Much e-ink has been spilled over the misplayed Glenn death fake-out and how it ruined the implied contract viewers have with the series. It also revealed just how much people behind the scenes are overthinking when it comes to appeasing hardcore fans. We know that Negan is coming and if you’ve read the books then you also know something else that’s probably coming. In the comic, Negan introduces himself to everyone by beating Glenn to death with a barbed-wired baseball bat named Lucille. It’s one of the most shocking moments in a story filled with shocking moments.
You can see how desperately the show is trying to dance around it. They teased an image of Glenn with a baseball bat early on in the season and even almost jumped the gun in Terminus. Then the writers tried to swerve everyone with the latest fake-out, only to reveal he is alive and might still meet his presumed fate. Or maybe not. Showrunner Scott Gimple recently told EW that the upcoming storyline will make some “hard left turns” from what happened in the comic, which many have taken to mean this particular storyline won’t play out as expected.
If so, that’s fine. The show is not required to follow the source material and has found some success in the past diverging from it. But you also play a dangerous game of chicken when you decide to focus your efforts on shocking the smaller group of hardcore fans, rather than telling the best story possible for the overall audience. By worrying too much about whether or not the audience know what’s coming, the show loses sight of the real objective here (i.e., J.J. Abrams pretending that Benedict Cumberbatch wasn’t Khan in Star Trek Into Darkness), which is to tell a great story.
(Quick aside, if writers are going to swerve on Negan killing Glenn, then they better make sure it’s done right and the only way to do that is to keep the stakes equally as high. Glenn has become a fixture on the show and his death would/will affect the makeup of the entire story. If it’s not Glenn, then someone of the same level has to take his place beneath Lucille. Assuming Rick and Carl are un-killable at this point, the only characters that would qualify are Daryl, Michonne and Carol. Maggie could work as well, considering the emotional effect on Glenn and because she becomes such a pivotal character later on in the comics. But if you swap in, say, Abraham or Sasha, you’ve ruined the entire point and copped out.)
So what can The Walking Dead do to get back on track? Aside from getting back to basics and writing real dialogue for real characters with real emotions, there are two quick fixes:
1. Shorten the season so you don’t spend half of it twiddling your thumbs, which will never happen so long as ratings are what they are.

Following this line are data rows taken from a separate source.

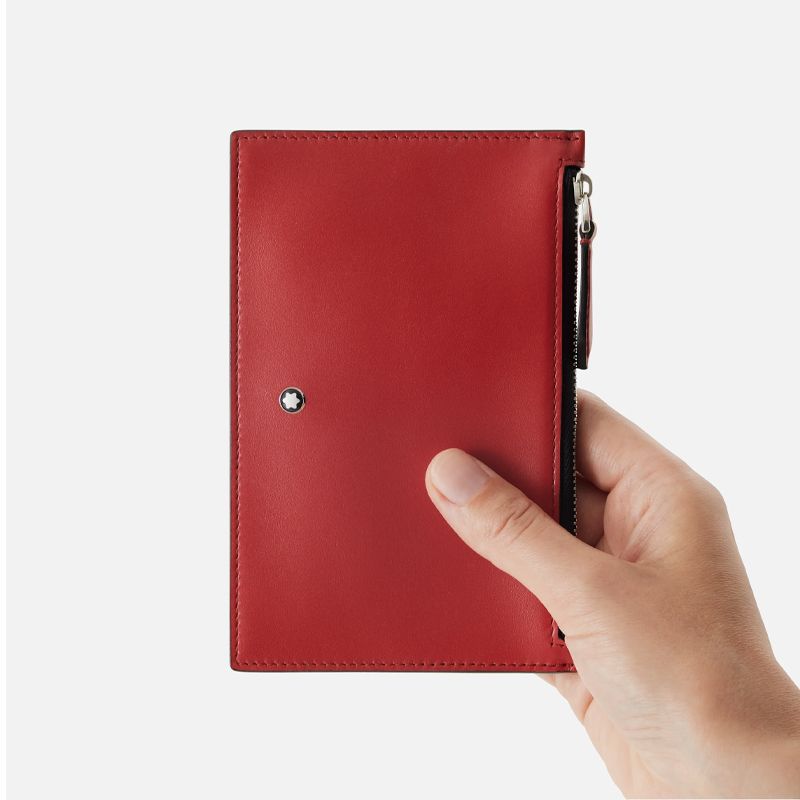 MONTBLANC Portacarte Rosso Con Cerniera Meisterstück  129908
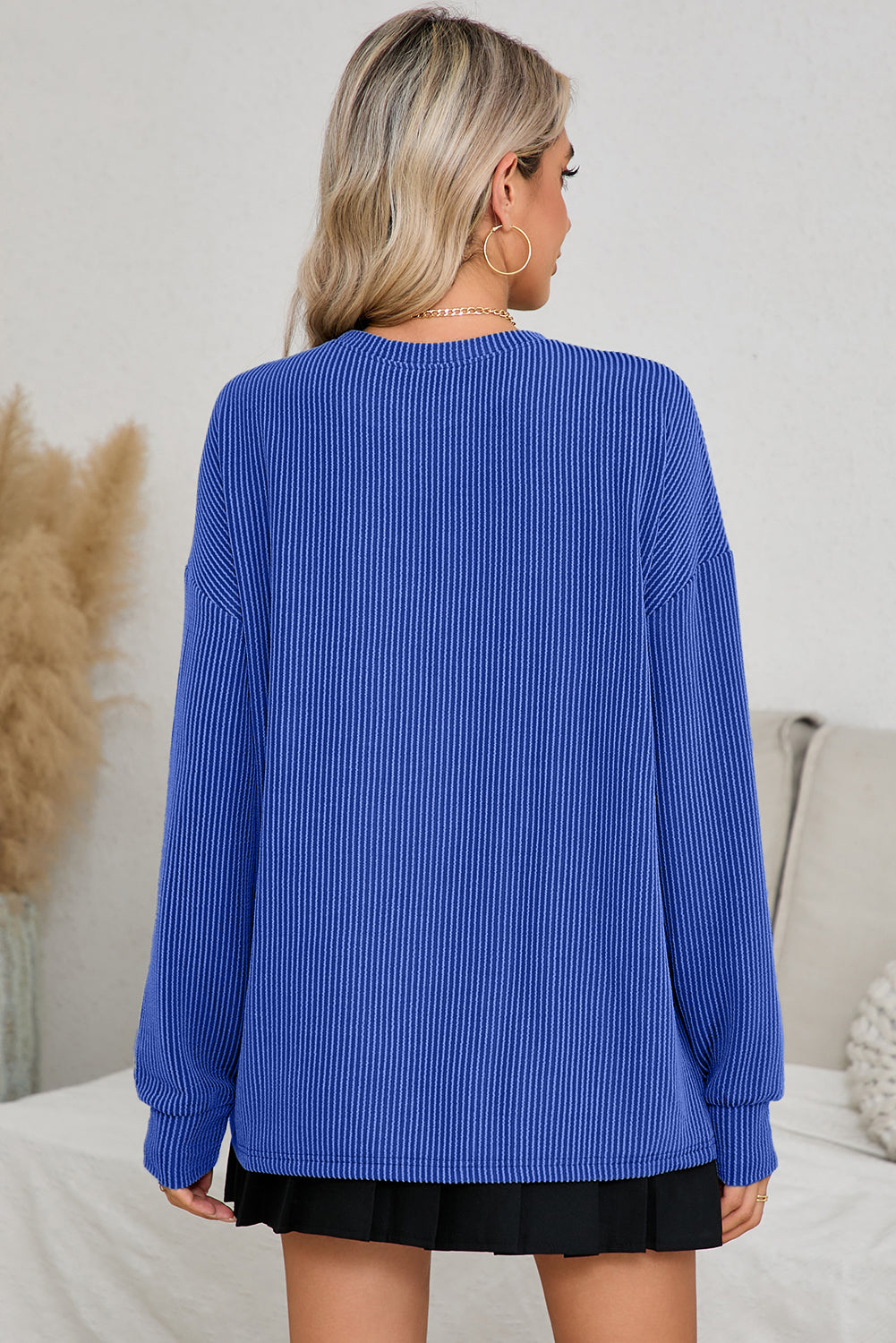 Bluing Corded GAME DAY Graphic Long Sleeve Top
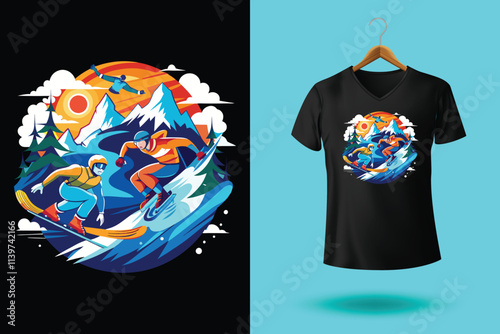Snow winter sports tshirt design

2. Start treating each half-season like its own individual season with its own story arc. You trim away the fat from your storytelling and it forces you to get to the point ASAP so your characters can be the best they can be. It doesn’t mean you can’t slow the show down every once in a while to tell more personal stories, but it means you can’t waste time dedicating an entire episode to the 12th-most interesting character’s backstory.
Like most people, I watch the new episodes of Fargo the day after The Walking Dead and it’s become shocking the difference in quality between the two shows. On paper, Fargo should be a silly concept held together by nonsense. The Walking Dead should be way more grounded and authentic (inasmuch as a show about zombies can be authentic). And yet it’s the opposite. A part of that is the care taken to make every episode of Fargo feel like a mini-movie. Mostly, however, it’s the care taken to make every character in the show relatable and believable on some level. No matter who lives and dies on Fargo, you feel for them.
I can’t say the same about The Walking Dead right now. Hopefully the people behind it are watching Fargo as well. They could use the reminders.